What GAO Found
While the previous two-contract structure of the Evolved Expendable Launch Vehicle (EELV) program met Department of Defense (DOD) needs for unprecedented mission success and an at-the-ready launch capability, the scope of its capability contract limited DOD’s ability to identify the cost of an individual launch, as direct launch costs were not separated from other costs. Minimal insight into contractor cost or pricing data meant DOD may have lacked sufficient knowledge to negotiate fair and reasonable launch prices.
Through DOD’s development of a new acquisition strategy in 2011, and in preparation for contract negotiations with United Launch Alliance (ULA), DOD undertook significant efforts to obtain better contractor and subcontractor cost or pricing data. The December 2013 contract modification with ULA includes line items for both the fixed-price and cost-reimbursement portions funded under the previous two-contract structure, and DOD officials say the administrative burden of renegotiating new contracts every year will be substantially lessened due to the new contract’s simplified structure. The new contract is also expected to provide DOD with a better understanding of individual launch costs than it had under previous contracts, as some costs are now directly attributable to specific launches.
ULA periodically sells launch services to customers outside of the EELV program, such as the National Aeronautics and Space Administration, and to commercial customers. Because DOD pays for ULA’s fixed costs, DOD receives compensation for the use of ULA facilities on a per-launch basis for launches ULA sells to non-DOD customers. Under the new contract, compensation is based on some actual costs, and is approximately three times the dollar amount per-launch of reimbursements under previous contracts.

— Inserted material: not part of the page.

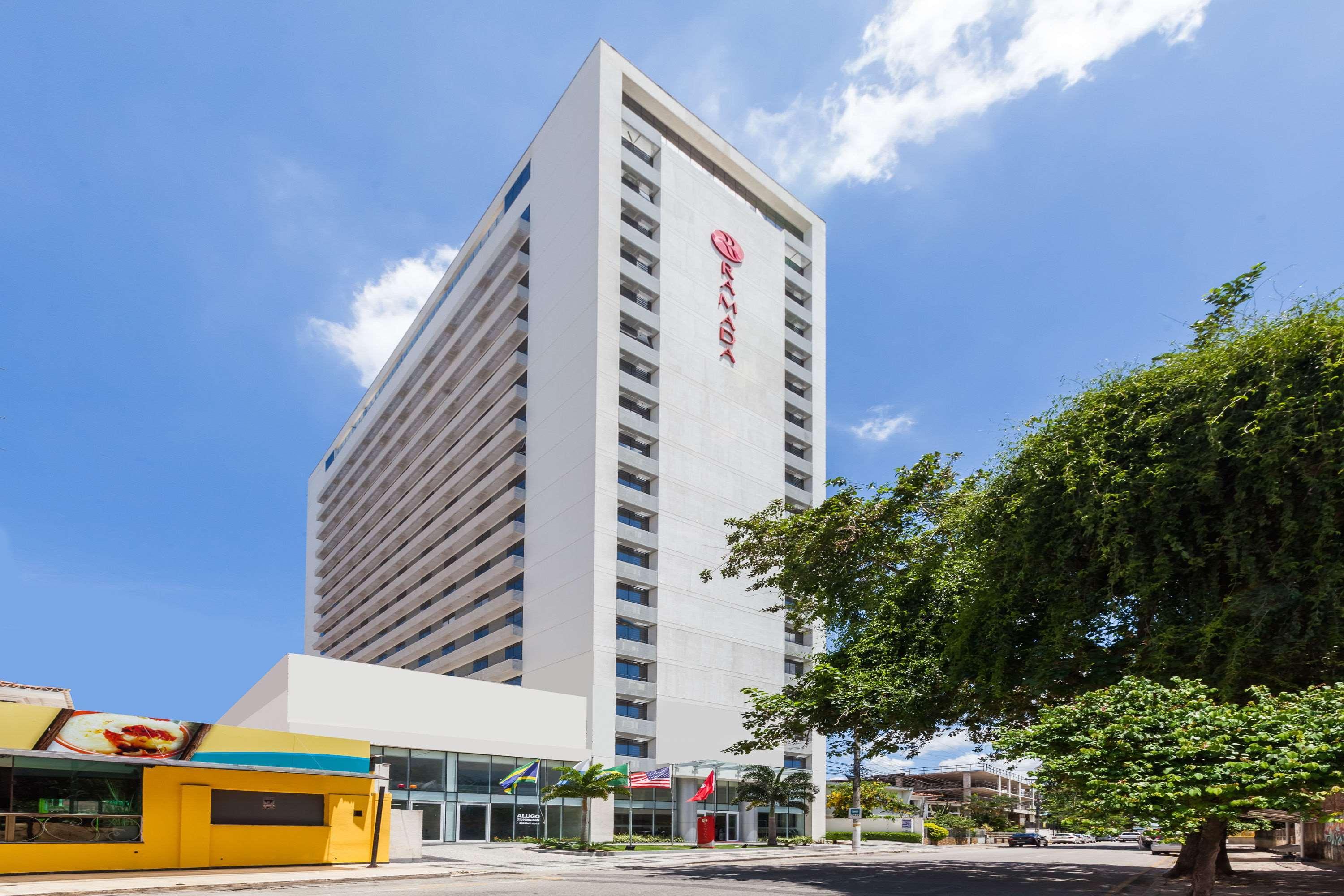 Ramada Hotel & Suites Campos Pelinca Кампус-дус-Гойтаказис Экстерьер фото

If DOD requires all offers to contain both fixed-price and cost-reimbursement features for launch services and capability, respectively, similar to the way it currently contracts with ULA, there could be benefits to DOD and ULA, but potential burdens to new entrants. Alternatively, if DOD implements a fixed-price commercial approach to launch proposals, DOD could lose insight into contractor cost or pricing. DOD could also require a combination of elements from each of these approaches, or develop new contract requirements for this competition.
Why GAO Did This Study
DOD’s EELV program is the primary provider of launch vehicles and services for U.S. military and intelligence satellites. The most recent independent cost estimate projects the program will cost about $70 billion through 2030. From 2006 to 2013, the program acquired launch services from a single provider. In December 2013, DOD signed a five-year contract modification with that provider. DOD has also set aside up to 14 launches for competition among all certified launch vehicle providers, and is currently developing a methodology for comparing launch proposals for the competition, which is expected to begin in fiscal year 2015. The Senate Homeland Security and Governmental Affairs Committee, Permanent Subcommittee on Investigations, requested that GAO review DOD’s upcoming competitive EELV procurement. The report addresses the following: (1) What insight did DOD have into launch costs under past EELV contracts? (2) How do recent changes to EELV contracts affect accounting for costs? (3) How is DOD compensated for costs when ULA sells launches to other customers? and (4) What are the implications if DOD requires competitors to submit offers using the same structure it currently uses with ULA or a commercial approach?